A aquisição deu à Marfrig o título de “segunda maior processadora de carne bovina do mundo” (a primeira é a JBS), frase destacada nos painéis na sala de coletiva de imprensa realizada nesta segunda-feira pela companhia. Com a compra da National Beef a Marfrig aumentará seu endividamento de 8 bilhões para 11,8 bilhões de reais. A dívida mais alta, no entanto, será compensada pela geração de caixa (medida pelo Ebitda), que deve dobrar, saindo de 1,70 bilhão de reais para 3,45 bilhões de reais.
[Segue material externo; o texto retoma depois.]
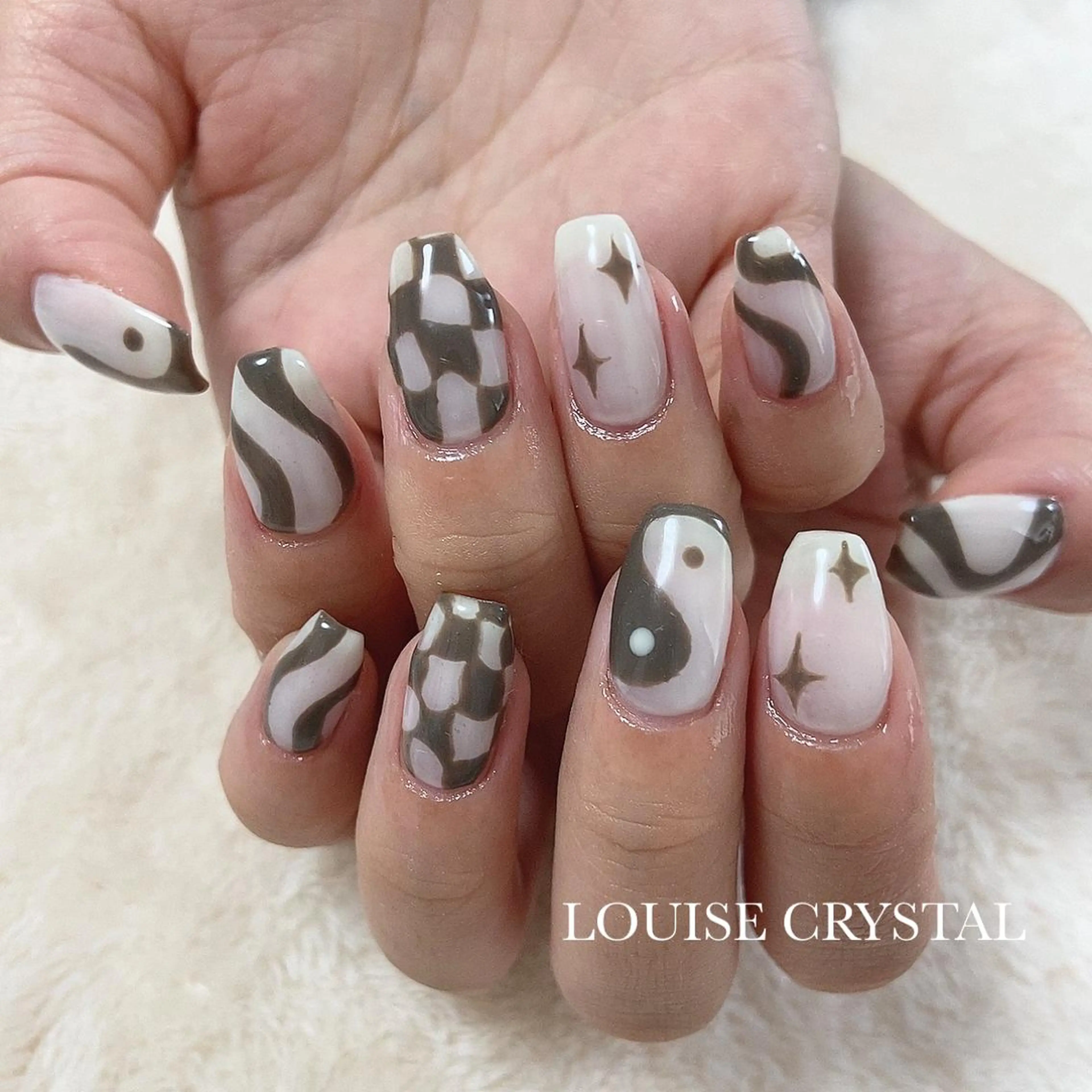 ネイル ハンドネイル LOUISE CRYSTALのネイルデザイン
Com isso, a alavancagem (relação entre dívida e geração de caixa) diminuiria de 4,55 para 3,35 vezes.
A compra agradou investidores. As ações da companhia subiram 18,8% nesta segunda, garantindo um ganho de mais de 726 milhões de reais em seu valor de mercado. Trata-se da primeira grande aquisição da Marfrig desde 2010. Mas os investidores não estão empolgados apenas com a compra, mas também com a venda, que mostra que a companhia pode, finalmente, ter aprendido uma lição importante: a de que um crescimento desenfreado pode levar a empresa para o buraco.
A compra da Keystone em 2010, de 1,26 bilhão de dólares, marcou o auge da Marfrig, que adquiriu mais de 40 empresas entre 2006 e 2010. As compras envolveram não só a área bovina como também carne de perus, frangos, suínos e até mesmo o controle de uma empresa especializada em couros para indústrias automobilísticas e de aviação. O objetivo era tornar a Marfrig uma empresa global. Ele foi atingido, mas o custo foi alto demais. O crescimento foi financiado pela emissão de dívidas que fizeram a alavancagem chegar a 6,3 vezes a geração de caixa no início de 2015 e a companhia nunca mais voltou ao saudável patamar de 2,6 vezes que tinha em 2009.
A venda da Keystone é um marco da estratégia que a companhia teve que adotar nos últimos anos para reduzir seu endividamento. Outras operações que a companhia teve que se desfazer incluem a venda da irlandesa Moy Park e da Seara para a concorrente JBS, a venda de ativos argentinos e o controle da empresa de couros. Para vender a Keystone, a Marfrig já contratou os bancos JP Morgan e Rabobank e espera que a aquisição saia ainda no primeiro semestre do ano. Com a venda, a Marfrig espera reduzir o endividamento para 2,5 vezes sua geração de caixa — patamar prometido há tempos para os investidores. O compromisso agora é manter esse patamar. Investidores esperam que a empresa tenha aprendido a lição.